Luckily for him, he got the job. Schimel began his position July 8 as the new executive director of Mosier Community Schools in the wake of previous director Carole Schmidt’s retirement.
Schimel brings with him 21 years of educational experience, most recently as principal of Highland Hills Elementary School in Hermiston. He has worked as an administrator at the elementary, middle and high school levels and taught classes ranging from physical education to math.
He said the outdoor recreation and proximity to family in Portland attracted him to Mosier. He also likes the idea of overseeing a charter school.
“One of the attractions for me is as long as you are producing great results, excellent test scores, excellent students, then the requirements are not as strict. It allows for more creativity, and I like the creative aspect,” he said.
Schimel had only been on the job for a day and a half when he spoke with The Chronicle Tuesday and said he was still in “exploration mode,” but he has already talked to several board members and staff members. He said he was working on a staff survey and hoped to hear from parents as well.
“I’m collecting as much data and information as I can,” he said. “I do have a lot of ideas; however, the intelligent way is to make sure I’ve built capacity with board members and staff before I make any major changes.”
Schimel said he is aware that he is inheriting some controversy that has gone on between board members, administrators and parents, but is still “learning the local environment” and hasn’t delved into those conflicts enough to comment on them yet. However, that doesn’t mean that he plans to ignore them.
“If there’s some issues that need to be solved, let’s tackle it head on,” he said.

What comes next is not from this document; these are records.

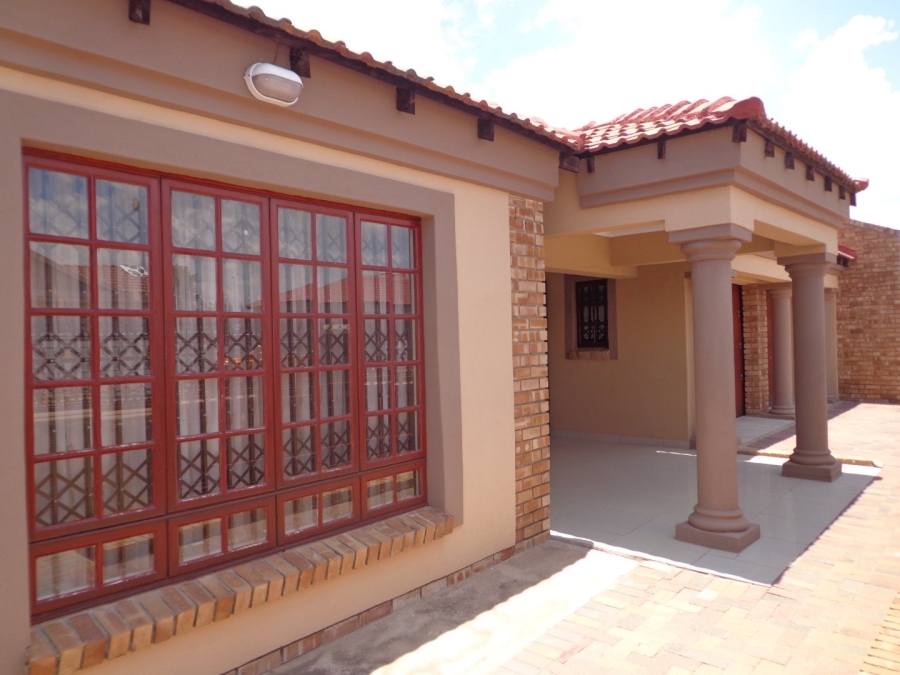 3 Bedroom Property for Sale in Mahlasedi Park Limpopo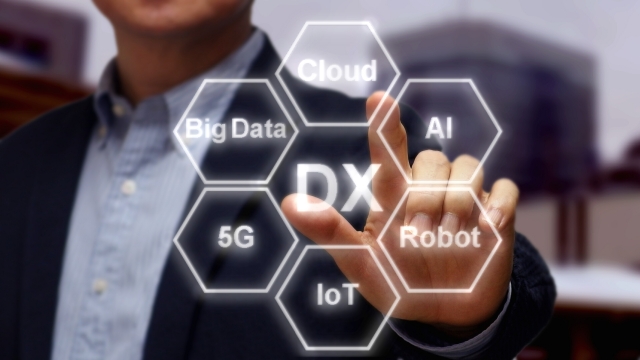 DX、AI、5Gなどの文字列とビジネスマン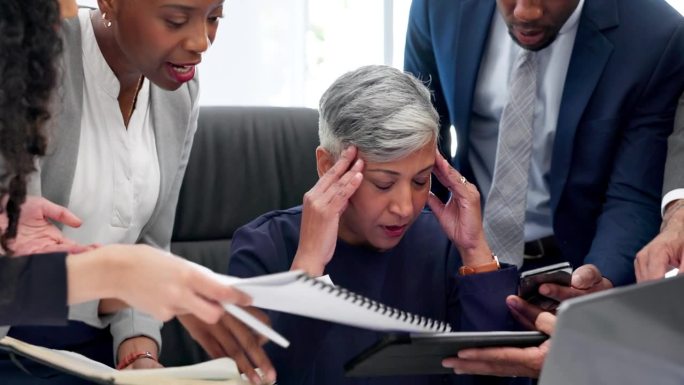 头痛、焦虑、被办公室里的女上司时间管理、危机和混乱搞得不知所措。心理健康、日程安排以及对商务人士的文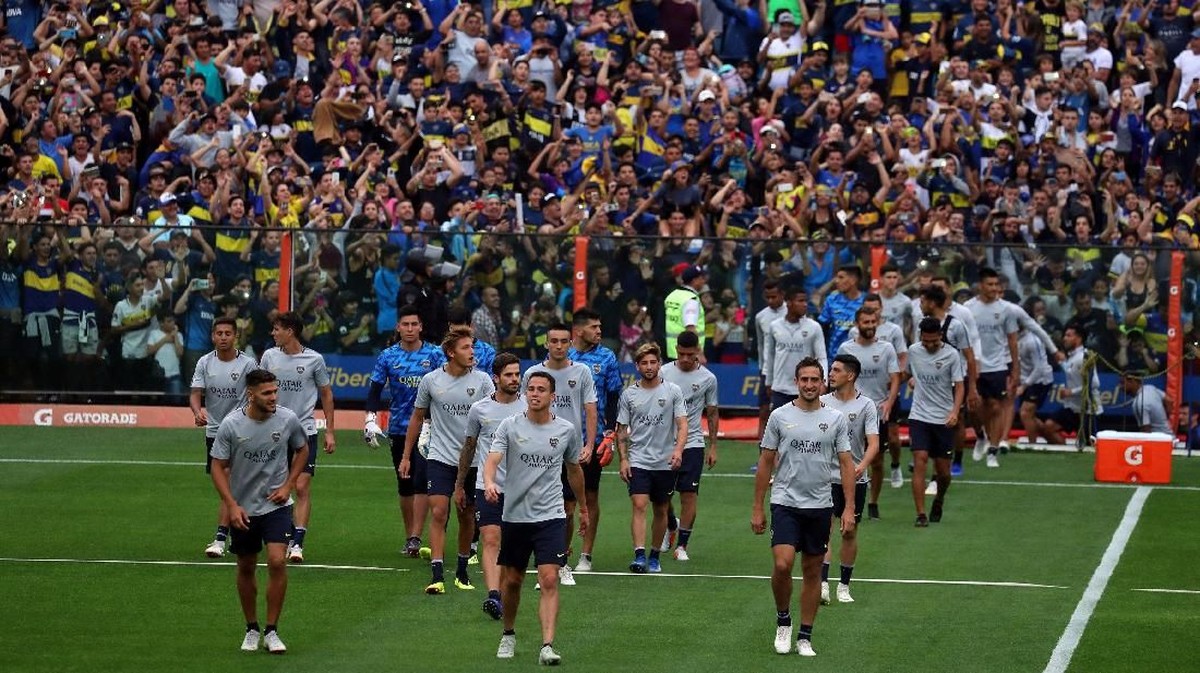 FOTO: Kegilaan Derby Argentina di Final Copa Libertadores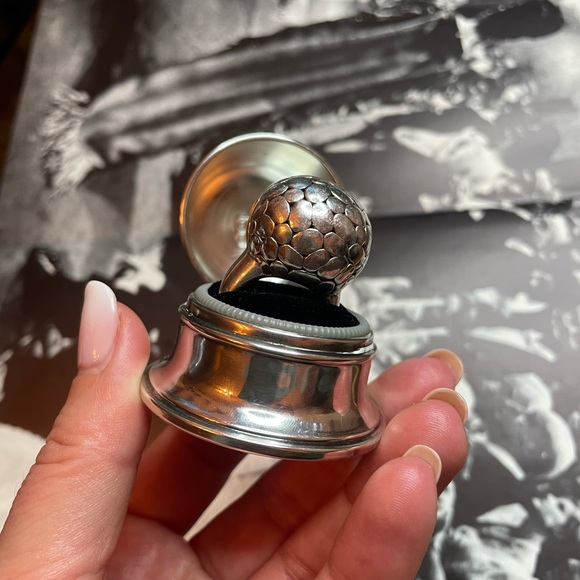 Unique Vintage Sterling Silver 925 Ring With Raised Textured Ball Size 7 - Picture 5 of 13
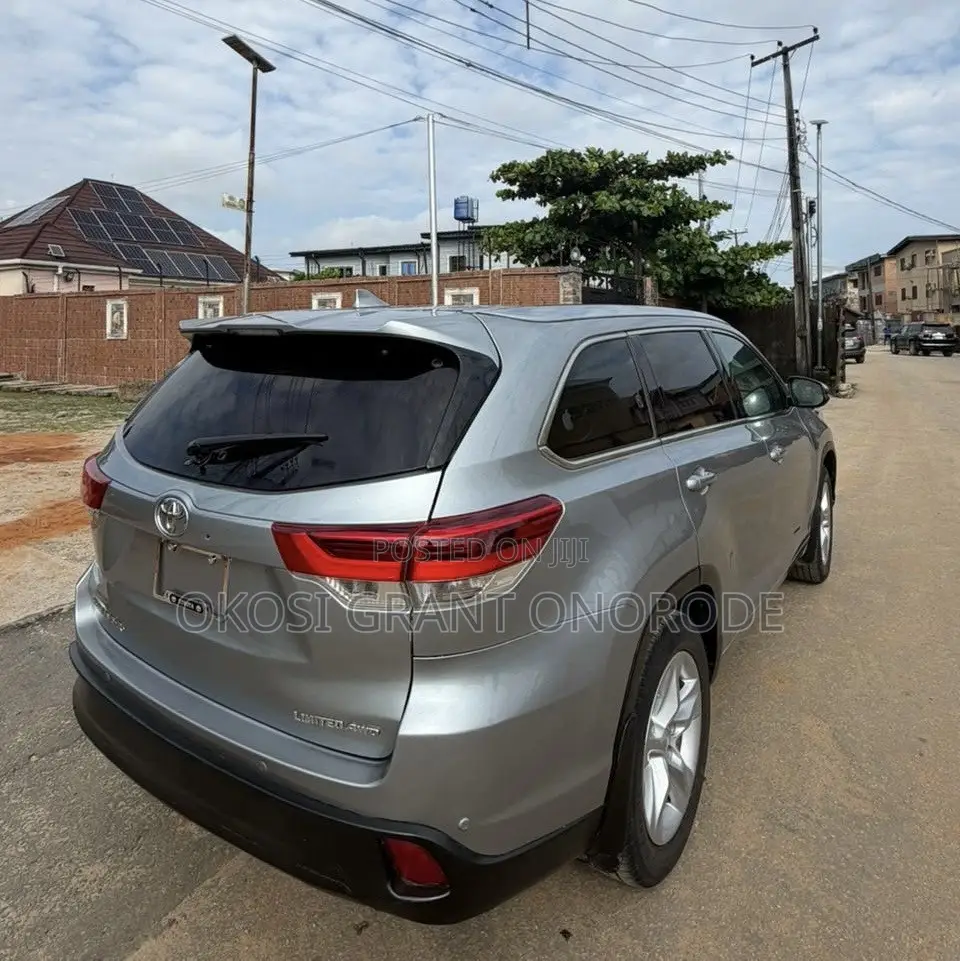 Toyota Highlander XLE 4dr SUV (3.5L 6cyl 6A) 2015 Silver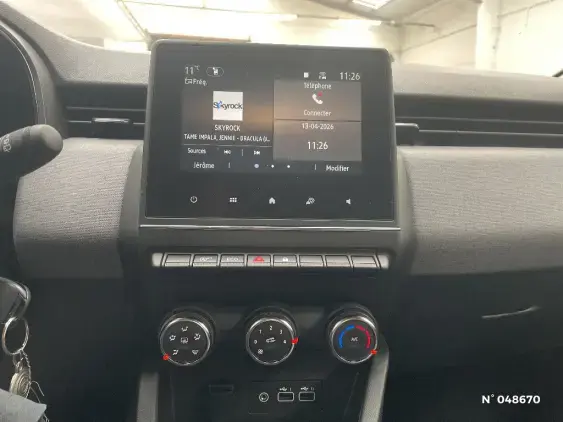 RENAULT CLIO V - voiture d'occasion - Photo 13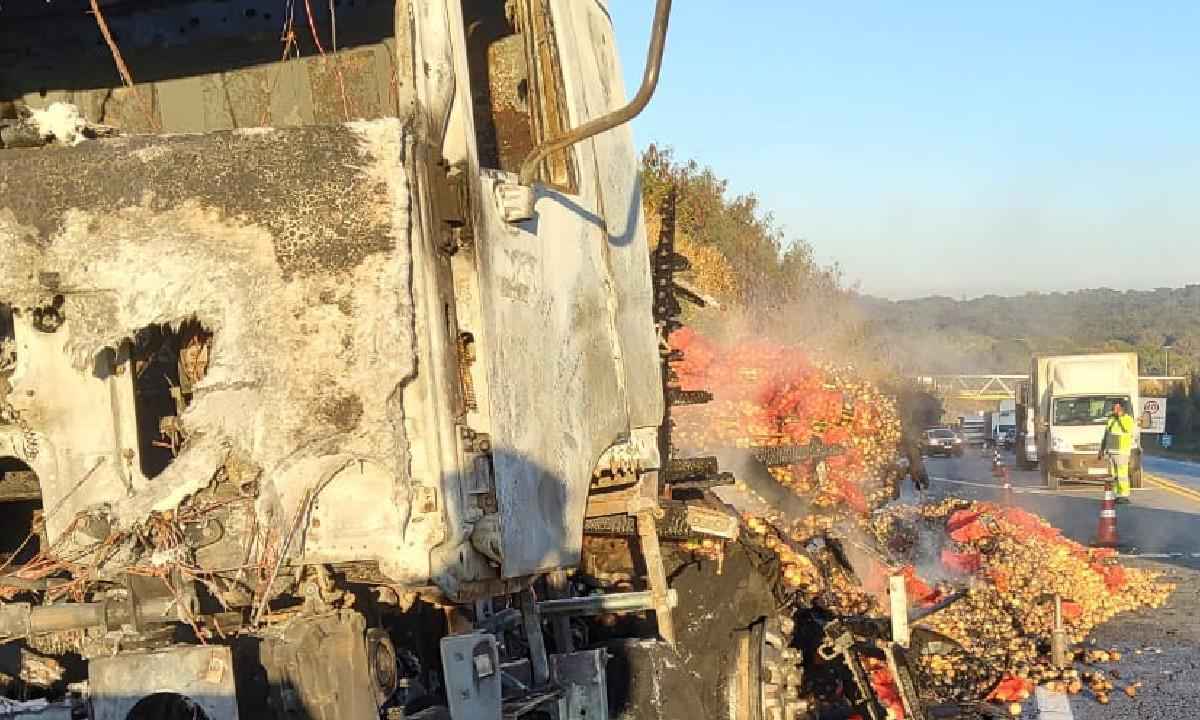 Incêndio destrói carreta carregada com 20 toneladas de cebola - Divulgação/Corpo de Bombeiros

He said he is looking forward to the first day of school, when he can start enjoying face-to-face interactions with students. He said administrative work is important but the best part of any job in education is interacting with students.
Until those students walk through the door in September, however, he has plenty of work to do. That includes trying to talk to as many staff members, board members, parents and students as possible so that Schimel has a good idea of what the schools’ stakeholders want.
“I’m very excited to be in Mosier, very proud, very lucky, and the fact that this is a charter school makes it even more exciting to me because it gives us some options that they may not have in other schools,” he said.